New Global Crisis Cost Estimate

Tercentenary of the Bank of England, commemora...Image via WikipediaFrom The Bank Of England

The Bank of England now estimates that losses from the credit crisis could run as high as 4.3 trillion dollars. This estimate is about double previous estimates from the bank, as well as the IMF.

The article reporting the estimate, published by The Independent, is unclear on the actual amount estimated in the report. The figure arrived at here is determined by converting British Pounds Sterling into US Dollars directly, using the figure ‘£2.8trn’ from the title..

Throughout the article found online, the author shifts among values stated in different currencies.
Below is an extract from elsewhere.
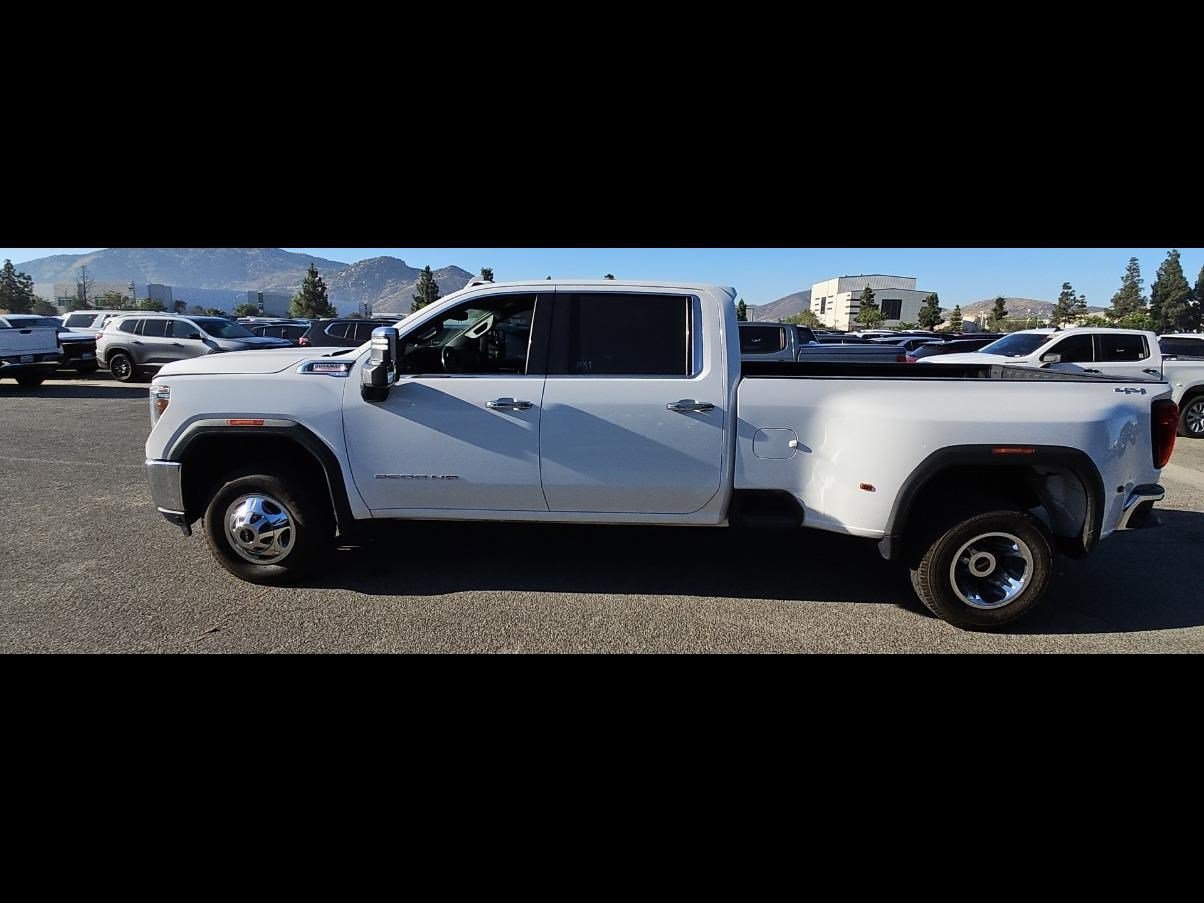 Used 2021 GMC Sierra 3500 SLT w/ SLT Convenience Package AWD/4WD image 12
BoE warns credit crisis losses could hit £2.8trn

Global bank losses as a result of write-offs on mortgage-backed and other badly devalued securities will spiral to $2.8 trillion before the credit crunch is over, according to the latest estimates produced by the Bank of England.

The figure is around double the Bank’s previous estimates and calculations by the IMF. It suggests that, while the recent injections of bank capital by governments may help stabilise the financial system, it is far from fully over the ravages of the credit crisis.

The Bank says that the losses for the UK’s banks will run to £122.6bn, against a forecast of £62.7bn made in April. For the US and the euro area, it gives figures of $1,577.3bn (was $738.8bn) and 784.6bn (previously €344.1bn) respectively.

It’s important to note that these estimates are how much the banks are expected to need to write off their books. This is not necessarily the cost of a bailout, but is the direct cost to the banks before the bailouts.

Another quote from the same article:

In its October Financial Stability Report, the Bank says that “the global banking system has arguably undergone its biggest episode of instability since the start of World War I… Risks in the financial system clearly remain. Over time, against the backdrop of an economic downturn, banks will need to adjust their balance sheets and funding models, weaning themselves off current exceptional levels of official support… Lending growth will take time to recover”. A chart in the report suggests that, if the banks were forced to adjust to the shortage of capital in as short a time as a year, lending would have to be reduced next year. The £37bn of share purchases by the Treasury in the British banks, and liquidity support, should buy the banks more time; however, the reduction in the growth of lending, even over a lengthier adjustment, will still be sharp.


The Bank also warns of some particular weaknesses in the financial system. Leveraged investors such as hedge funds, says the Bank, “may be forced to liquidate asset holdings due to tighter credit conditions”. Insurance firms “seem relatively well placed”, the report says, but “risks could arise, however, if the value of insurance companies’ investments were to fall below regulatory capital requirements”.

In other words, the banks will be perfectly contented to sit back and watch everybody around them fall because of a credit crunch they are causing.

All this cash that nearly everyone on the planet by now is being asked to pledge, via taxes on us and our grandchildren, all this money being handed to the bankers is supposed to FREE UP the credit a bit more.

It’s supposed to make it easier for the farmer to make this year’s loan. Easier for the next fishing season to get funded. Easier for the next brilliant idea to become the thing we can’t live without.

And these guys are telling us, in advance, that they aren’t going to ease up on the credit. They’re telling us in advance that they are going to tighten it further.



Of course, I am talking about something in England. Those quotes are from the British bankers, not the guys up in New York and DC.

The American bankers would never say something like that, would they?


I am Jon, and I reckon our bankers wouldn’t need to say nothin’.